In Australia to promote the widely acclaimed new mini-series, When We Rise, Griffiths believes that by putting viewers into the shoes of real life LGBT+ activists, the show has the ability to open people’s minds and hearts to the struggles of the LGBT+ community.

“You kind of know these people by the end of the show, and I think when you know people and you know their journey you want for them what you have for yourself,” she says, calling Abbott “a little bit of an anomaly” to her theory.

Recalling her childhood as a “little white Catholic girl who’d never left Melbourne”, Griffiths tells SBS how her world was “absolutely rocked” when she watched Roots in 1977.
“It changed me,” she says, describing it as a “seminal primer for [her] sensitivity to human rights and civil rights”. She believes When We Rise can be as powerful for others.

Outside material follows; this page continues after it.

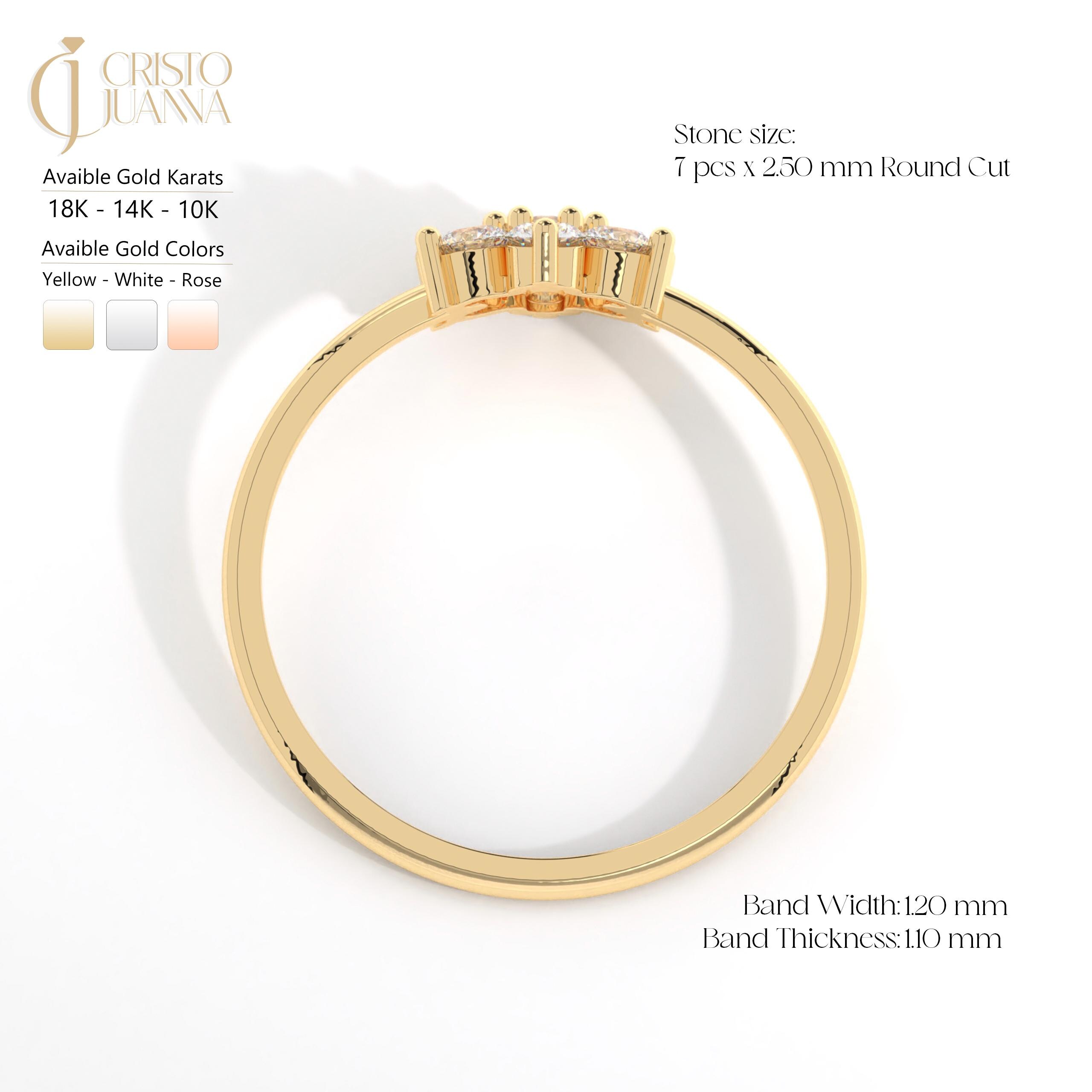 Daisy Diamond Engagement Ring 14K Solid Gold, Floral Flower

“I think anyone who watches this will understand by the end why it’s not democratic to have a population vote on whether a part of that population gets to have things that everybody else has, and to just know it’s wrong,” she says, referencing Australia’s now dead plebiscite.

Disappointed that Australia has yet to legalise marriage equality - a climactic moment for the characters in When We Rise as it portrays the United States 2015 Supreme Court ruling on same-sex marriage - Griffiths feels that “it would make Australia closer to being the fair and lucky country for all that it should be,” noting that “we’ve led the way in some of the most important democratic reforms of the last century”.

“We were one of the first countries to give women the vote, one of the first countries to have a female representative. I think we’ve been at the forefront of this progress and I think it’s very unfortunate that our sense of inclusion has fallen behind our aspirations,” she says.
Noting that “arguments that have been well disproven with evidence in other parts of the world” are still being used here, Griffiths doesn’t believe that the argument against marriage equality has been explained well.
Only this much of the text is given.